You flip a coin $10$ times and observe only one head. Determine the $p$-value for testing whether the coin is fair or not? 
You flip a coin $10$ times and observe only one head. Determine the
$p$-value for testing whether the coin is fair or not?

I don't want to use CLT because $n$ is not large enough.
Let $X_i \sim \text{Bern}(p)$ where $p$ is probability of getting head.
Null: $p = \frac12$
Alternate: $p \neq \frac12$
Now, let $X=\sum X_i \sim \text{Bin}(10, p)$ be our test-statistic.
Then, under Null, $X \sim \text{Bin}(10, \frac12)$.
Let $t$ denote observed value of our test-statistic, we have $x=9$ since the test-statistic represents the number of heads obtained.

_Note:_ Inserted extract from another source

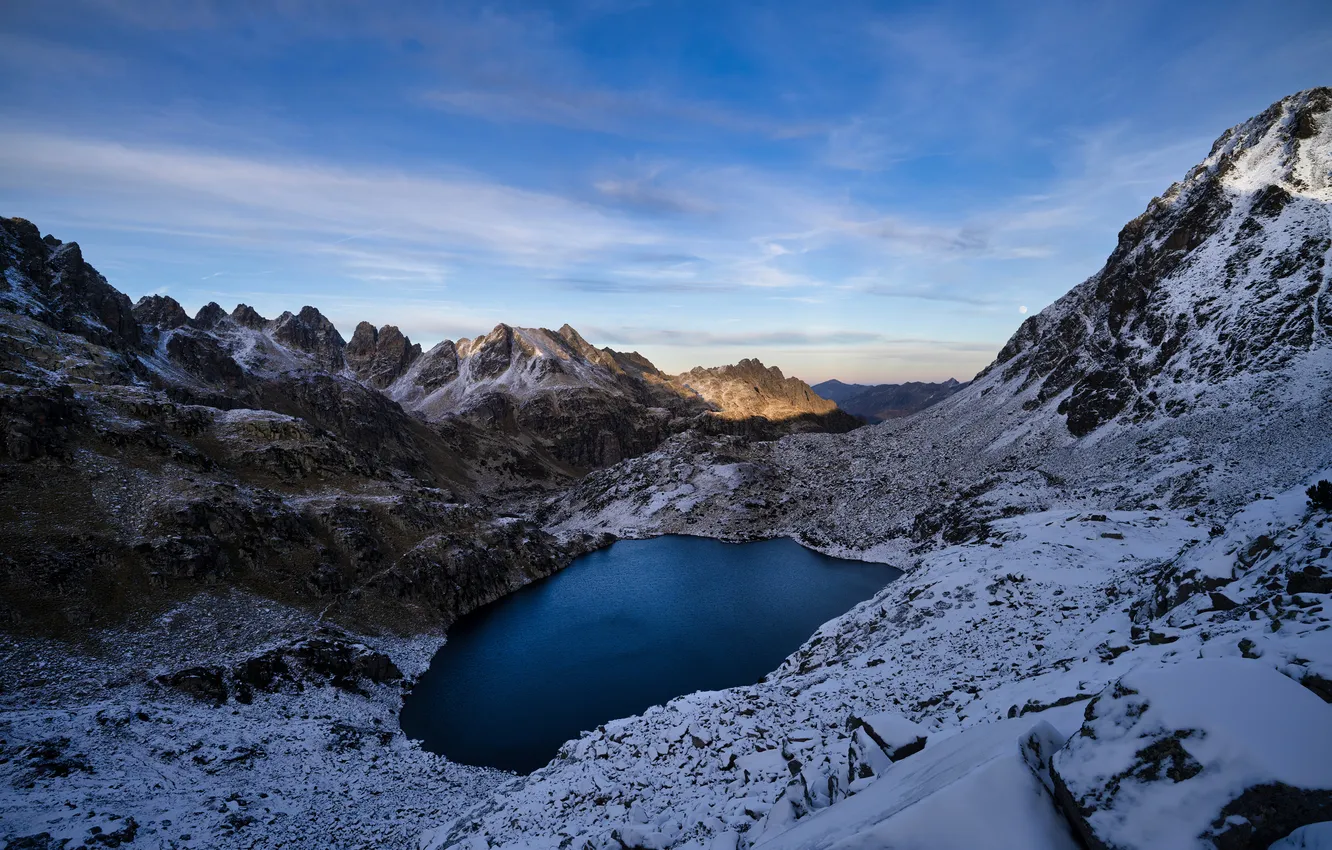 Photo wallpaper snow, mountains, nature, lake, France, Ariege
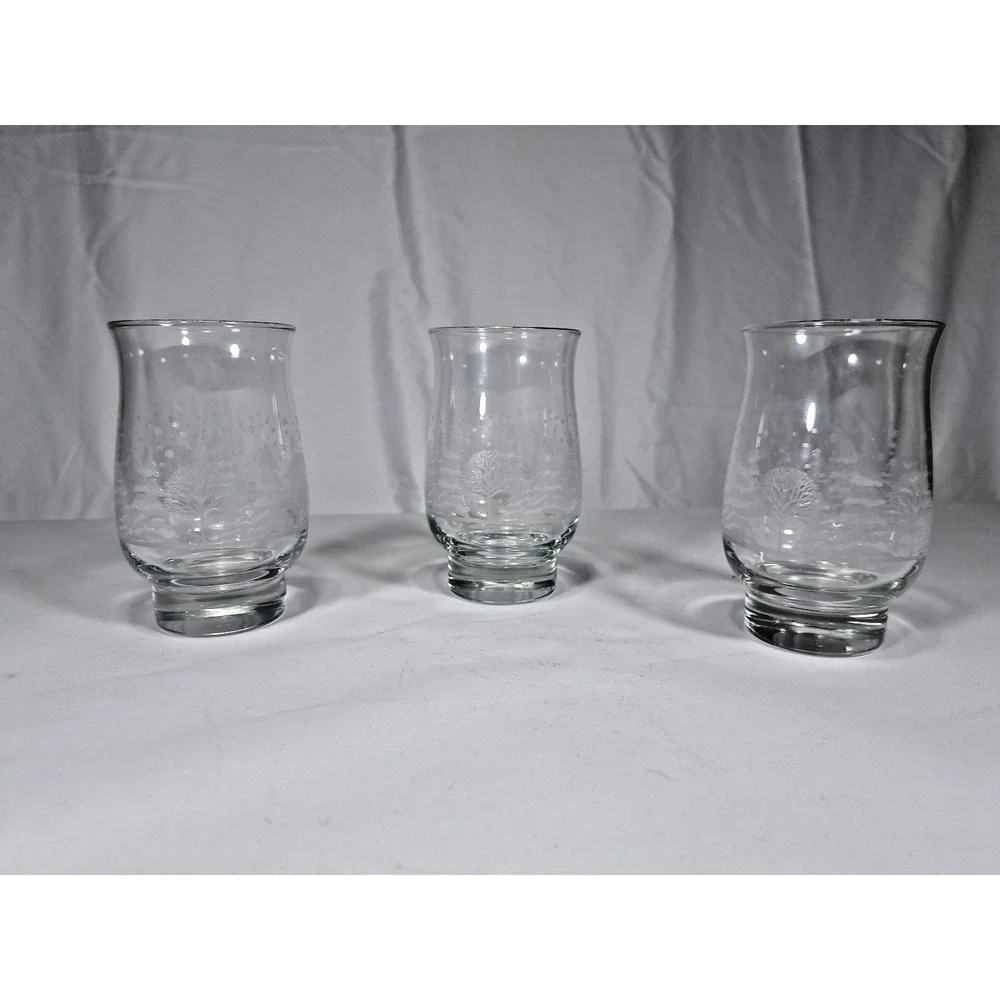 Set of 3 Winter Forest Frosted Glass Votive Candle Holders Gold Rim Christmas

$p$-value is defined as the probability, under Null hypothesis, of observing test-statistic which is more extreme than it's observed value in favor of alternate hypothesis.

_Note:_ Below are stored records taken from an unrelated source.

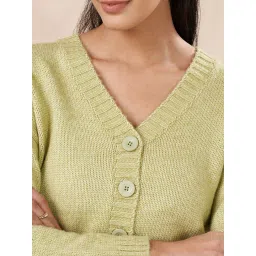 Akkriti by Pantaloons Green Solid Cardigan image 5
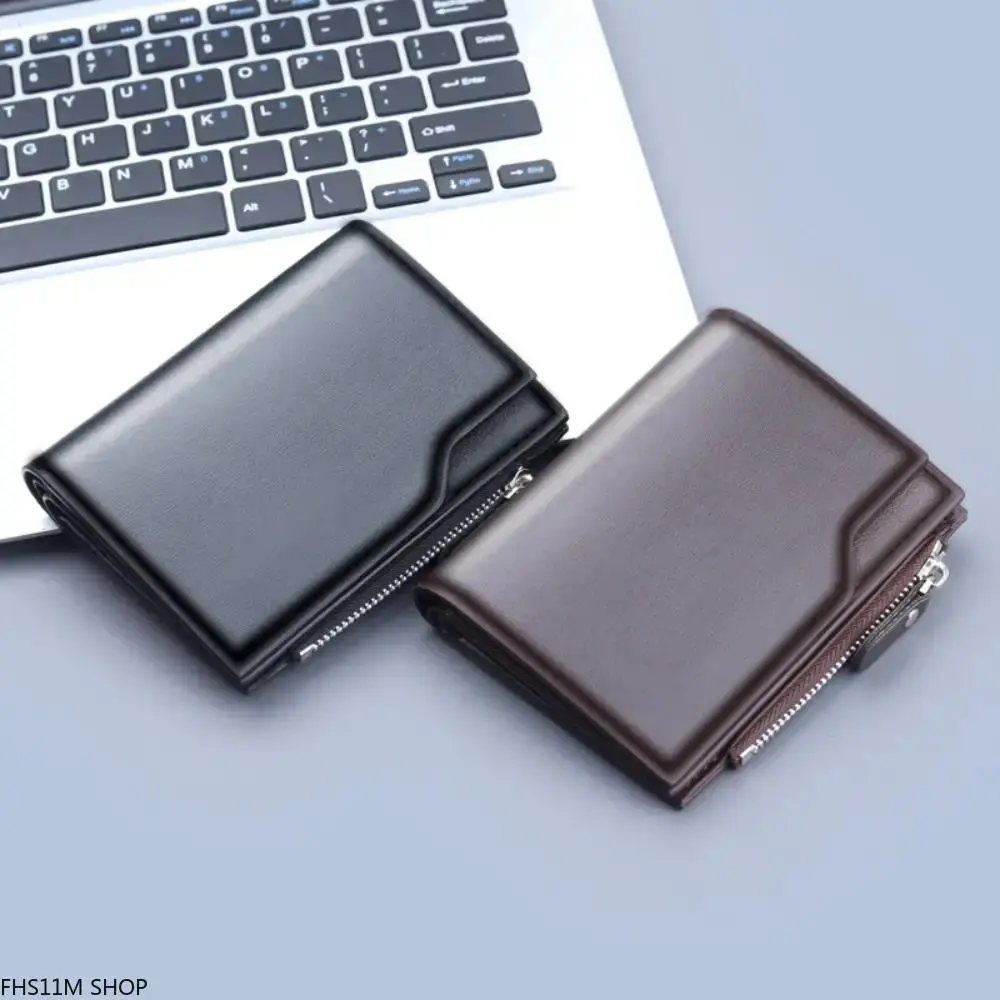 Men's Retro Trifold Wallet in Genuine Cowhide Leather, Slim Business Wallet with Large Capacity, 13 Card Slots & Zipper Coin Pocket, Buckle Zip, Business Use, Retro Biz., Large Cap., Slim-Fold, Bifold/Trifold Wallet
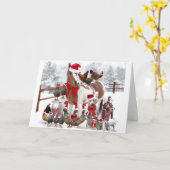 GEPERSONALISEERDE KERSTBOERDERIJ DIEREN WENSKAART KAART (Gele Bloem)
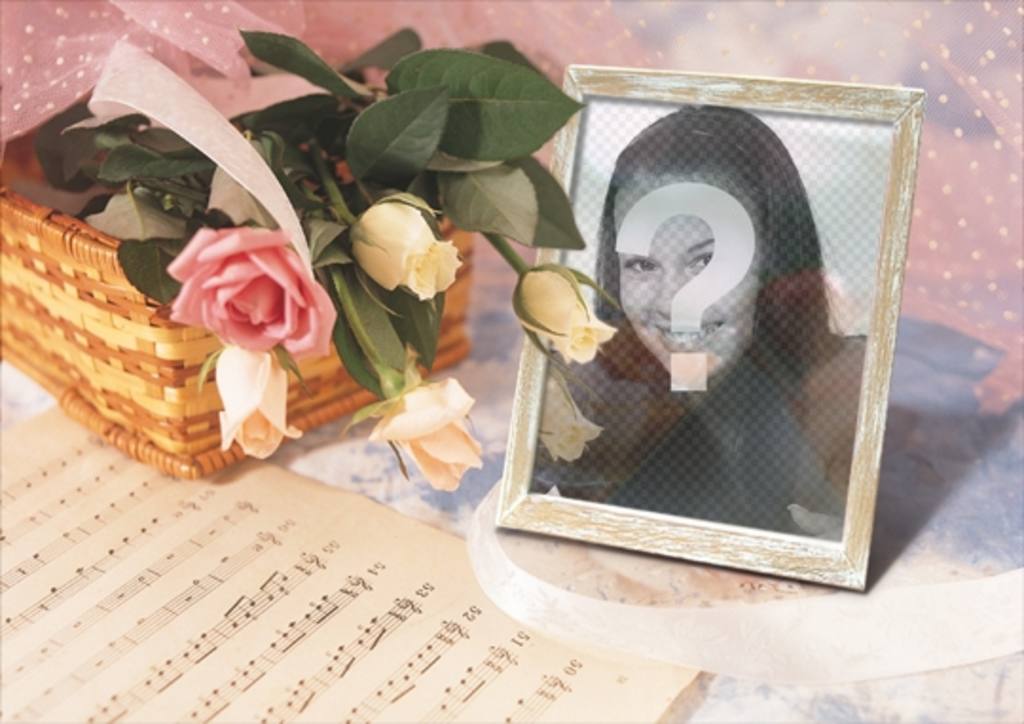 Photoframe online where you can put your picture in a picture frame with a basket of roses and a music..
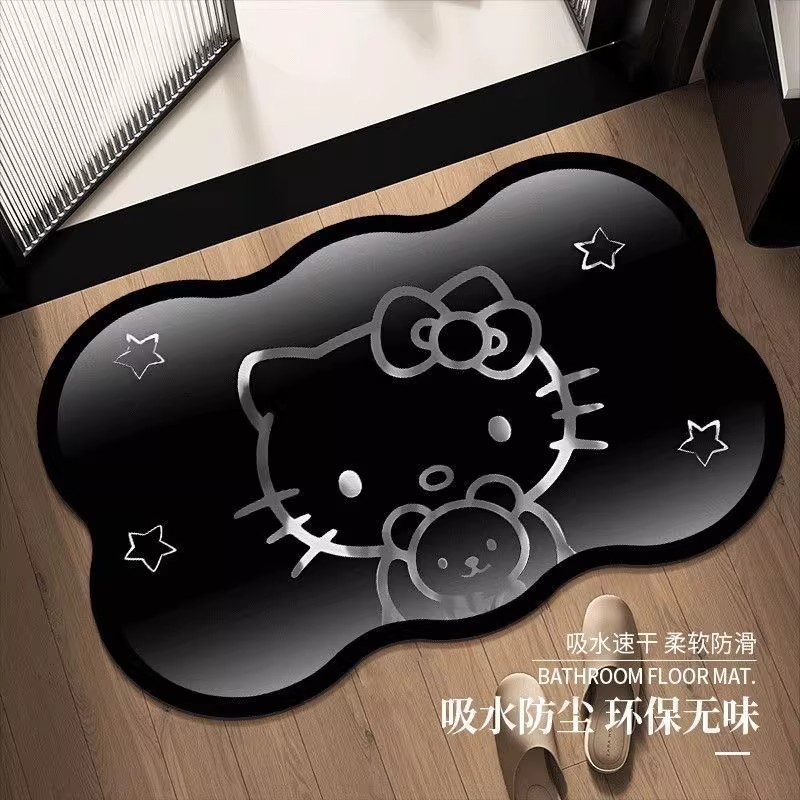 可爱猫硅藻泥吸水防滑速干地垫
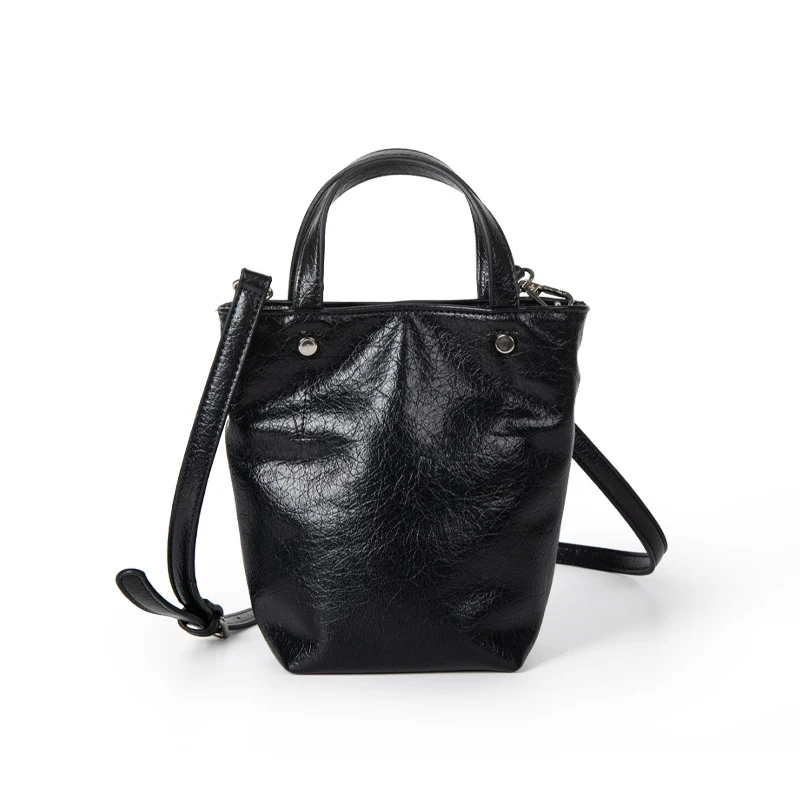 Soft Leather Large Capacity Mini Tote Bag For Women Solid Simple Single Shoulder Crossbody Bags Korean Niche Shopping Handbags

more extreme excludes the observed value, so, the $p$-value is :
$$P(|\text{Bin}(10, \frac12)| > |9| ) 
\\= P(|\text{Bin}(10, \frac12)| > 9 ) \\
= P\big(\text{Bin}(10, \frac12) > 9 \big) + P\big(\text{Bin}(10, \frac12) < -9 \big) 
\\ = P\big(\text{Bin}(10, \frac12) > 9 \big) \\ =0.00098$$
Is my solution correct?
Edit: Add class notes

 A: You have the right idea, but the wrong definition.  The $p$-value is the conditional probability of observing an outcome at least as extreme as the one that was obtained, given that the null hypothesis is true.
Therefore, the $p$-value of this test is $$\Pr[X \in \{0, 1, 9, 10\} \mid H_0],$$ where $X \mid H_0 \sim \operatorname{Binomial}(n = 10, p = 1/2)$.
The reason why the $p$-value includes the observed outcome is because you are trying to argue that if the $p$-value is "too small," then the assumption that $H_0$ is true is implausible; i.e., the experimental data we observed--which includes the actual outcome--is too unlikely to have been observed if the null were true.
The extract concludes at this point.